Stock is outperforming the total vodka market, with continued share gain. We have now delivered 29 consecutive months of year-on-year volume share growth, which is a clear sign that the Polish business has turned around. Stock’s total vodka volume share grew from 26.8% last year to 29.0%, and value share grew from 27.4% to 29.5% (on an MAT basis). For a fourteenth successive month, our volume and value growth outperformed our largest competitor. Our second largest competitor continued to decline heavily in volume and value.
The leading contributor to our clear vodka share growth was the continuing double digit growth of our largest premium brand, Stock Prestige, which is the number one premium brand in the Polish market. Amundsen, another of our premium vodkas, grew volume at a rate almost double that of the top-premium segment in which it competes. Our leading mainstream vodka, Żołądkowa De Luxe, also achieved volume and value growth, outperforming that segment and retaking the number two position within it.

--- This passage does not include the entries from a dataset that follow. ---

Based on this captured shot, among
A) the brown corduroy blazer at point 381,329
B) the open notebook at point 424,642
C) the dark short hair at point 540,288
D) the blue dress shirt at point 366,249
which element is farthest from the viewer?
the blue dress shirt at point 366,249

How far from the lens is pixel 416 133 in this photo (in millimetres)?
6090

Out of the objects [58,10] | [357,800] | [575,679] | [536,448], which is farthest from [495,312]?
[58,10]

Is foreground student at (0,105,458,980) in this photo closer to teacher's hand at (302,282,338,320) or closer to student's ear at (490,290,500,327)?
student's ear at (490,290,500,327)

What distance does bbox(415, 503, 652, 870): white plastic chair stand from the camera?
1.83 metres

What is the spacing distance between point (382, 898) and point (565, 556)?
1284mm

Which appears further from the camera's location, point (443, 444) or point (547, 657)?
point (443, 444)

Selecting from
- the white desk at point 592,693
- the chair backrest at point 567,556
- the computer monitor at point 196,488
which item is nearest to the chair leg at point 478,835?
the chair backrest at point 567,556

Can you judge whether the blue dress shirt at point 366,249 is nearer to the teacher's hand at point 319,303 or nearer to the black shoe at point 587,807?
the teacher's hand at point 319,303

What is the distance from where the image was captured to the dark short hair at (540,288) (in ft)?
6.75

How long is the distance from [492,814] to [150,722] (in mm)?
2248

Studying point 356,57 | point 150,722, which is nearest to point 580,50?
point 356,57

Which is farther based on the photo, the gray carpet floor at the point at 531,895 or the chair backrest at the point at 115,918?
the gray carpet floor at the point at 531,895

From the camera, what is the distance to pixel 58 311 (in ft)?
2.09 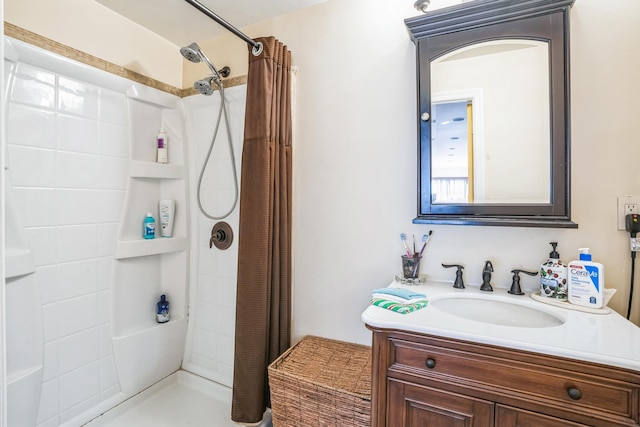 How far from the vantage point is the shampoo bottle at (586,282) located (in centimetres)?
102

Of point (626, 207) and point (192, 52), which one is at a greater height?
point (192, 52)

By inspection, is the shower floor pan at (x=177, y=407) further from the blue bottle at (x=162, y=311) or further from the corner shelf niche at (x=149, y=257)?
the blue bottle at (x=162, y=311)

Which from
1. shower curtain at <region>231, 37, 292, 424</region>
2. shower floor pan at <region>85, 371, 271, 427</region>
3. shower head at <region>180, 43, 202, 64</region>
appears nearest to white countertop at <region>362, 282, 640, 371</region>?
shower curtain at <region>231, 37, 292, 424</region>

In the declining economy segment, Żubr and 1906 both grew in value.6
Stock also grew total volume and value within flavoured vodka, leading growth in the category. Our leading flavoured brand, Lubelska, delivered a higher growth rate than the market-leading flavoured brand. Our Saska flavoured range continued to establish itself amongst emerging spirit drinkers, almost doubling in size. Żołądkowa Gorzka also returned to value growth.6
The continued strengthening of our sales team capabilities created closer cooperation with key customers. In addition, we stepped up the intensity and quality of promotional support, and have engaged in a significant programme of fixture re-layouts in the traditional trade which is yielding improved results.
In our half-year results statement in May, we referred to the possibility of an increase in alcohol excise from 1 January 2020. Draft legislation to implement a 10% increase from 1 January 2020 was introduced in the Polish parliament in November. We are taking the actions necessary to manage the change and its consequences, and are confident of our ability to mitigate any impact.

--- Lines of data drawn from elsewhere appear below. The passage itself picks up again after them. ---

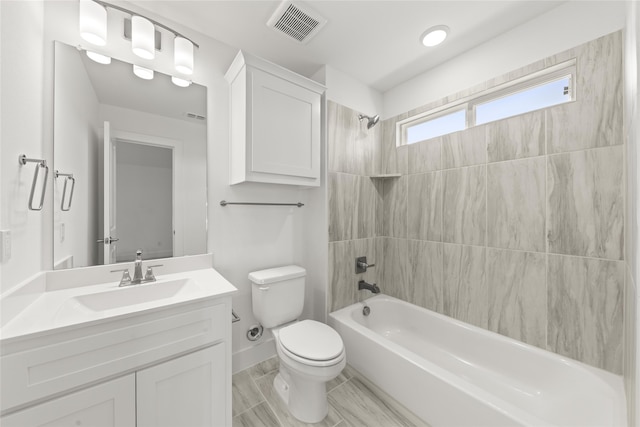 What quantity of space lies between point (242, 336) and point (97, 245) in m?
1.13

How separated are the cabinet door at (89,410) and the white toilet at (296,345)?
74cm

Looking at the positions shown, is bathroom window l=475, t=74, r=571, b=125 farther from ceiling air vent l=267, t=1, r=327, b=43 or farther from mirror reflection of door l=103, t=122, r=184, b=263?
mirror reflection of door l=103, t=122, r=184, b=263

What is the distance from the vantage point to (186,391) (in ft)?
3.43

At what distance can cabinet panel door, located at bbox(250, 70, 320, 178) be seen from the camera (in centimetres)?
157

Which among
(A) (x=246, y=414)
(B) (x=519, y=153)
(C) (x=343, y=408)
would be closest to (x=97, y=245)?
(A) (x=246, y=414)

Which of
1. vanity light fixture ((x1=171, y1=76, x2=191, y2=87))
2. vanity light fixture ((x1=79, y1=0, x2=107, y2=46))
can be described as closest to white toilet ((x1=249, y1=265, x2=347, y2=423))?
vanity light fixture ((x1=171, y1=76, x2=191, y2=87))

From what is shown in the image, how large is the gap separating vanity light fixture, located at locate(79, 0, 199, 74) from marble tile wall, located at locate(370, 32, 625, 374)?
1.56 m

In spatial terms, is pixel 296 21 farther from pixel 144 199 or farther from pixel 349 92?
pixel 144 199

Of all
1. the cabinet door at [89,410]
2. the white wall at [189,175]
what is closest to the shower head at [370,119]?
the white wall at [189,175]

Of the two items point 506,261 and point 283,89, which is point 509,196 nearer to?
point 506,261

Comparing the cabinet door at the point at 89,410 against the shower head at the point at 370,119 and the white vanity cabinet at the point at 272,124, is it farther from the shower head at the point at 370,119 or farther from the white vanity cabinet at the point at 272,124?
the shower head at the point at 370,119

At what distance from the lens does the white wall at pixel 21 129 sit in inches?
33.6

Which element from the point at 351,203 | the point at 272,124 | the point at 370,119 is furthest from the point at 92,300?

Revenue for the Czech Republic was €81.3m for the 12 month period to 30 September 2019 (9 months to 30 September 2018: €49.2m), with adjusted EBITDA of €24.4m (9 months to 30 September 2018: €13.6m).
On a proforma basis, revenue increased 11% from €73.2m in 2018. Adjusted EBITDA increased 13% on a proforma basis from €21.6m in 2018. In 2019, this division represented 26% of Group revenue (2018 proforma: 26%).

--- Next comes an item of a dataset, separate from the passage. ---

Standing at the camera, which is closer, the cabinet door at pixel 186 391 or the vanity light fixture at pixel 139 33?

Excluding the impact of the Bartida acquisition in the year, underlying revenue and adjusted EBITDA for 2019 was €79.1m and €24.2m respectively.
The Czech Republic is our second largest market, where Stock has held spirits leadership for over 20 years7, with brand leadership in the key categories of rum8, vodka and herbal bitter liqueurs.
The national economy is performing well, with an increase in disposable incomes and a desire for premium products driving value and volume growth in spirits.
The four core categories on which Stock focuses – i.e. rum, vodka, herbal bitters and whisky - together account for c.75% of total spirits volume and are therefore key drivers of overall spirits performance. Value growth was driven primarily by rum, the largest category, and by whisky. These offset a flat performance from vodka, and a decline in herbal bitters.
Stock achieved significantly higher volume and value growth than the total spirits market, as well as superior value growth compared to our main competitors. This was driven by a combination of our premium innovation, benefits from previously-acquired brands, and the addition of new distribution brands. We increased our market leadership, growing value share from 33.0% to 34.3% and volume share from 34.7% to 35.8%.9
Within this, Stock grew its market-leading share of the largest category, rum, through the outstanding success of Božkov Republica, which launched in 2018 and significantly grew our value share of imported rum. Its growth was largely incremental as our core Božkov Tuzemsky brand also grew volume and value - as did Captain Morgan Original, which Stock distributes on behalf of Diageo.9
In a flat vodka category, Stock grew both volume and value. Whilst retailer own-label continued to grow, its growth rate and share gains slowed significantly. Stock’s brand leader, Božkov vodka, delivered value growth that out-stripped that of retailer own label.
We have the strongest whisky portfolio in the Czech market through our well-established partnership with Diageo, the distribution agreement with Beam Suntory (which commenced in early 2018) and an increasing focus on our own whisky brands. As a result, we achieved strong whisky value share growth despite stiff price competition.
These successes outweighed share decline in the contracting herbal bitters category, where Fernet Stock was affected primarily by changed retailer promotional strategies coupled with aggressive price discounting from international competition. Fernet Stock was relaunched in the summer of 2019 to address this situation, and met with a very positive response from our trade customers and consumers.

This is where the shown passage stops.